In conversation, KPMG's head of innovation, Shamus Rae and head of people and change, Tim Payne, discussed the impact of robotics and AI on the workforce with Brian Halpin, global head of automation at HSBC.
Rae began by outlining the three layers of robotics: “There’s basic process automation (RPA), which you’ll have in shared services today; virtual agents (such as chat bots); and then we get on to the deep learning, AI-type systems which we’re already building into audit and tax,” he said.
Halpin explained that RPA is simply software configured to replicate what people do every day: “Simple things like opening accounts, fraud monitoring, onboarding staff,” he said. “It typically starts with the idea of cost reduction, but it’s as much about customer experience improvement and risk reduction.”

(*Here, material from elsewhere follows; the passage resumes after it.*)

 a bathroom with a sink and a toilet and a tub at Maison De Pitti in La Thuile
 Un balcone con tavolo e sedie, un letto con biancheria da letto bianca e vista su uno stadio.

Describing the impact of RPA on workforces, he added “you are genuinely freeing up people to do a more interesting, valuable job”, pointing out that AI creates new types of job, such as the ‘robot trainer’, where people configure robots to do the work they used to do to.
Payne closed the session by requesting advice for the HR community around use of robotics.
“HR operations shared services is a perfect use case for robotics, and RPA will be increasingly arriving at your door,” said Halpin. “The second thing is embedding technology into organisations; changing the behaviour of managers who are responsible for this new type of workforce. I suspect HR has a role in that.”